2.Yargıtay İçtihatları Birleştirme Büyük Genel Kurulunun 10.04.1992 tarihli ve 1991/7 Esas,1992/4 Karar sayılı İçtihadı Birleştirme Kararı.
3. Değerlendirme
1.Türkiye Cumhuriyeti Anayasası yargılamanın açıklığı ilkesini kabul etmiştir. Karar tarihinde yürürlükte bulunan 6100 sayılı Kanun'un 294 ve devamı maddelerinde hükmün nasıl tesis edileceği ve sonrasında kararın nasıl yazılacağı etraflıca düzenlenmiştir. Yargılamanın açık bir şekilde yapılması, tesis edilen hükmün açıkça belirtilmesi esastır. Bu nedenle hükmün açık, anlaşılır, infaz edilebilir şekilde tesis edilmesi ve de en önemlisi sonradan yazılacak gerekçeli kararın, kısa karara uygun olması gerekmektedir. Aksi halde, yargılamanın açıklığı ilkesi, dolayısıyla kamu vicdanı zedelenmiş ve mahkeme kararlarına güven sarsılmış olacaktır. Nitekim, Yargıtay İçtihatları Birleştirme Büyük Genel Kurulunun 10.04.1992 tarihli ve 1991/7 Esas 1992/4 Karar sayılı kararında da kısa karar ile gerekçeli kararın çelişkili olmasının bozma nedeni sayılacağı içtihat edilmiştir.
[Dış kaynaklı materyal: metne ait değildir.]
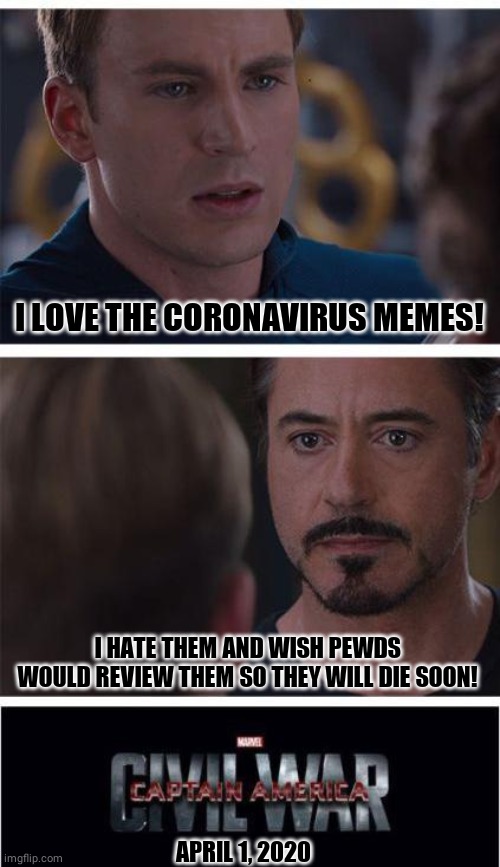 Marvel Civil War 1 Meme | I LOVE THE CORONAVIRUS MEMES! I HATE THEM AND WISH PEWDS WOULD REVIEW THEM SO THEY WILL DIE SOON! APRIL 1, 2020 | image tagged in memes,marvel civil war 1 | made w/ Imgflip meme maker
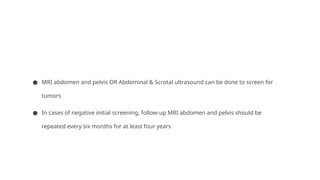 ● MRI abdomen and pelvis OR Abdominal & Scrotal ultrasound can be done to screen for
tumors
● In cases of negative initial screening, follow-up MRI abdomen and pelvis should be
repeated every six months for at least four years
 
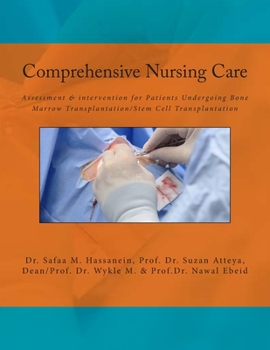Paperback Comprehensive Nursing Care: Assessment & intervention for Patients Undergoing Bone Marrow Transplantation/Stem Cell Transplantation Book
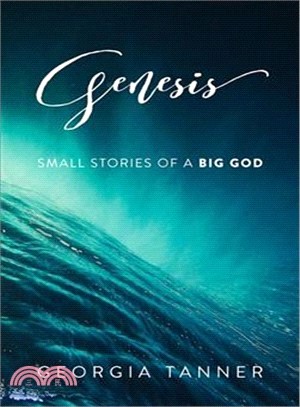 Genesis ― Small Stories of a Big God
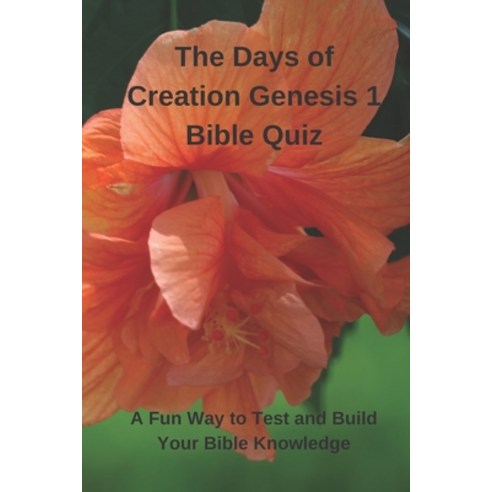(영문도서) The Days of Creation Genesis 1 Bible Quiz: A Fun Way to Test and Build Your Bible Knowledge Paperback, de Graw Publishing, English, 9781947238985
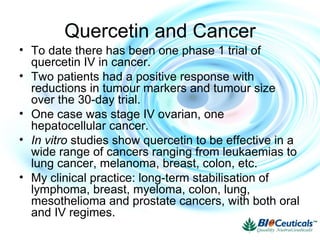 Quercetin and Cancer
• To date there has been one phase 1 trial of
quercetin IV in cancer.
• Two patients had a positive response with
reductions in tumour markers and tumour size
over the 30-day trial.
• One case was stage IV ovarian, one
hepatocellular cancer.
• In vitro studies show quercetin to be effective in a
wide range of cancers ranging from leukaemias to
lung cancer, melanoma, breast, colon, etc.
• My clinical practice: long-term stabilisation of
lymphoma, breast, myeloma, colon, lung,
mesothelioma and prostate cancers, with both oral
and IV regimes.
 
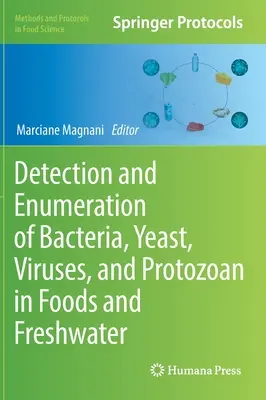 Baktériumok, élesztők, vírusok és protozoonok kimutatása és számbavétele élelmiszerekben és édesvizekben - Detection and Enumeration of Bacteria, Yeast, Viruses, and Protozoan in Foods and Freshwater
2. Somut olayda, İlk Derece Mahkemesi gerekçesinde; "...davacının davasını 27.01.2021 tarihinde ıslah ettiği, davalı vekilinin ıslaha karşı zamanaşımı defiinde bulunduğu ve hükmedilmesi gereken miktarın 27.01.2016- 14.09.2017 tarihleri arası döneme ilişkin olduğu bu sebeple davanın kısmen kabulüne, fazlaya ilişkin istemin reddine karar verilmişse de sehven hükümde 11.088,09 TL bakım tazminatına yazılmış olmakla gerekçeli kararla kısa kararda değişiklik yapılamayacağı..." belirtilerek davacının alacağı hüküm altına alınarak gerekçeli karar ile hüküm arasında çelişki oluşturulduğundan İlk Derece Mahkemesi kararının bozulması ve istinaf başvurusunu esastan reddeden Bölge Adliye Mahkemesi kararının ortadan kaldırılması gerekmiştir.
VI. KARAR
Açıklanan sebeple;
1. Temyiz olunan, İlk Derece Mahkemesi kararına karşı istinaf başvurusunun esastan reddine ilişkin Bölge Adliye Mahkemesi kararının ORTADAN KALDIRILMASINA,
2. İlk Derece Mahkemesi kararının BOZULMASINA,
Bozma sebebine göre davalı vekilinin diğer temyiz itirazlarının incelenmesine şimdilik yer olmadığına,
Dosyanın kararı veren İlk Derece Mahkemesine, bozma kararının bir örneğinin kararı veren Bölge Adliye Mahkemesine gönderilmesine,
Peşin alınan temyiz karar harcının istek hâlinde ilgiliye iadesine,
17.05.2022 tarihinde oy birliğiyle karar verildi.